Friday, February 24, 2012

Caper Dieng (bagian tiga - tamat)

Alhamdulillah setelah bagian satu dan dua, akhirnya tiba juga di bagian terakhir. Ngga pake foto, soalnya lagi ngga mood buat milah milih foto.. maafkan :)


Hari kedua, petualangan dimulai sejak Subuh. Selepas sholat – tanpa mandi (soalnya airnya dingin sangat dan sore sebelum tidur kan sudah mandi ;p), kami menuju bukit Sikunir untuk menyaksikan golden sunrise. Jarak dari penginapan lumayan jauh, kami ke sana menggunakan beberapa mobil. Sampai di parkiran Telaga Kecebong (?), kami melanjutkan berjalan kaki mendaki bukit Sikunir. Namanya bukit, ya ngga begitu tinggi, mungkin sekitar 500 meter saja, trek yang dilalui cukup bersahabat, rute yang kami lalui sudah berupa tangga yang disusun dari batu.
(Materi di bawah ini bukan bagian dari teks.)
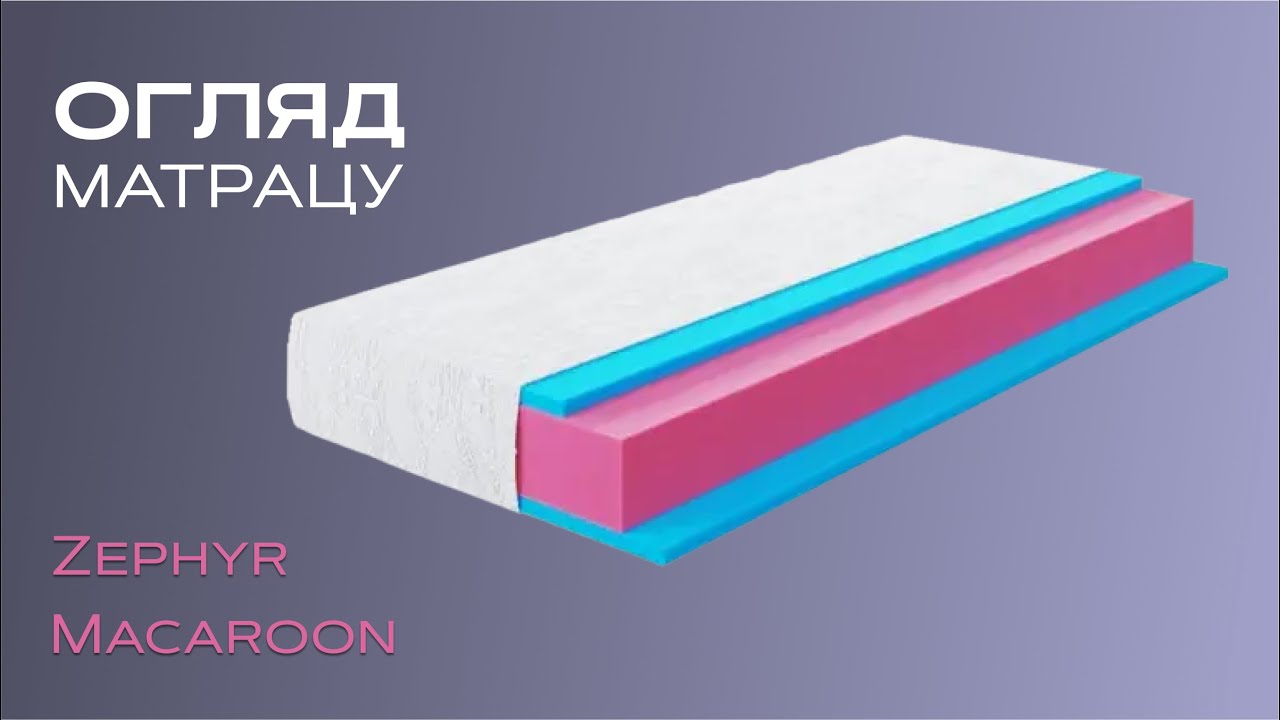Матрац ортопедичний Highfoam Zephyr Macaroon 140х190 см безпружинний (EVR-5507)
Dari puncak Sikunir, sunrise-nya ngga begitu terlihat jelas karena langitnya sedang berawan. Justru warna keemasan lebih terlihat waktu menjelang terbit, saat kami masih di perjalanan. Ke arah timur, kita dapat melihat puncak-puncak gunung diantaranya Merbabu, Sumbing, dan Lawu. Di sini juga ada kuliah lagi, cerita soal Gunung Prahu (yang meletus dan menjadi dataran tinggi Dieng), soal mitigasi bencana di Indonesia, sampe soal Gunung Sadahurip yang diduga piramida itu (waktu itu belum seheboh sekarang, baru mulai rame). Kemudian, konsentrasi menyimak kuliah buyar karena godaan foto bersama :D

Berikutnya, kami mengunjungi Telaga Warna, telaga ini membiaskan warna yang berbeda-beda tergantung lokasi, cuaca, dan waktu saat melihat. Telaga ini sebelumnya adalah kawah, tapi sudah tidak begitu aktif, airnya tenang dan jernih, sehingga gelembung-gelembung udara dari dasar telaga yang naik ke permukaan dapat dilihat dengan jelas. Di kawasan ini ada juga beberapa gua yang sering digunakan untuk semedhi atau semacamnya di masa Orde Baru. Berbeda dengan gua di kawasan karst yang terbentuk karena proses pelarutan kapur, dst., gua di sini sepertinya lebih tepat dikatakan sebagai celah yang terbentuk dari tumpukan batu-batu vulkanik. Oh ya, di sini kami juga sempat bertemu dengan anak rambut gimbal.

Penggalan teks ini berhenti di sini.